==== Recorded information ====

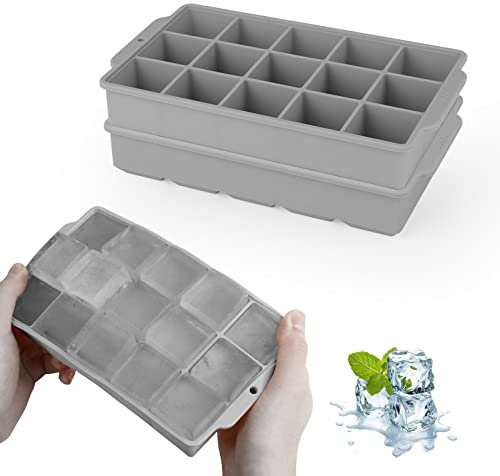 JOPHEK Ice Cube Tray, 2 Pieces, 30 Large Square Ice Cubes, Silicone, BPA Free, FDA Approved, 3.5 cm for Cocktails, Whisky, Wine, Fruit, Purees, Ice Cream, Iced Tea (Grey and Grey)
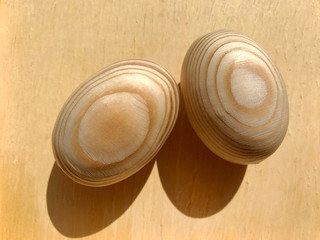 Wooden eggs.
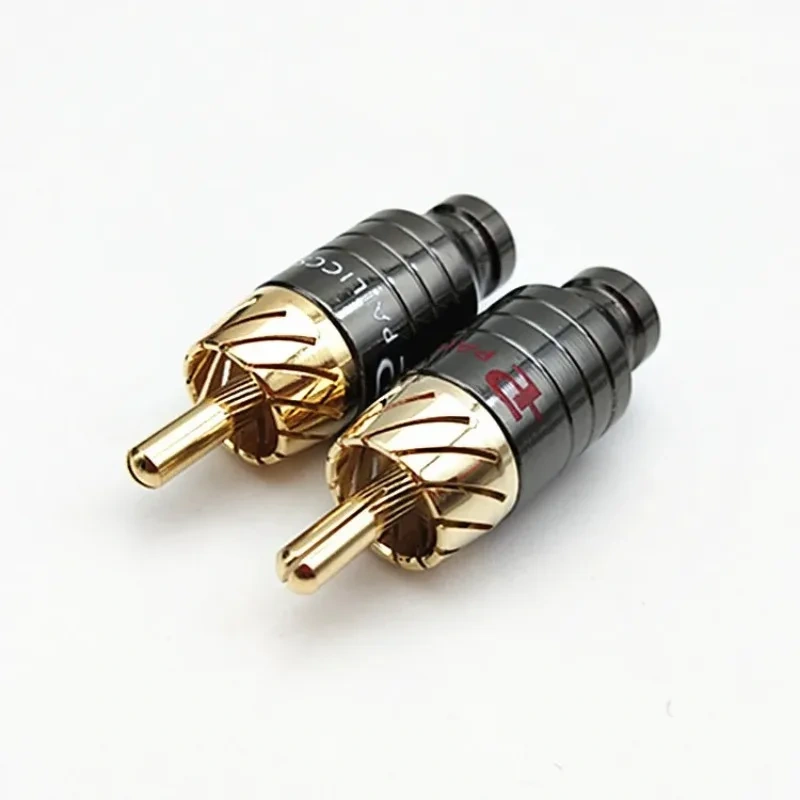 2Pair/4pcs Luxury Soldering RCA Plug Jack Connector Speaker Audio Output/Input Adapter Plug Gold plated Earphone connector jack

====

What you should do: Pictures aside, give the data again exactly as it appears.

Finished task:
 JOPHEK Ice Cube Tray, 2 Pieces, 30 Large Square Ice Cubes, Silicone, BPA Free, FDA Approved, 3.5 cm for Cocktails, Whisky, Wine, Fruit, Purees, Ice Cream, Iced Tea (Grey and Grey)
 Wooden eggs.
 2Pair/4pcs Luxury Soldering RCA Plug Jack Connector Speaker Audio Output/Input Adapter Plug Gold plated Earphone connector jack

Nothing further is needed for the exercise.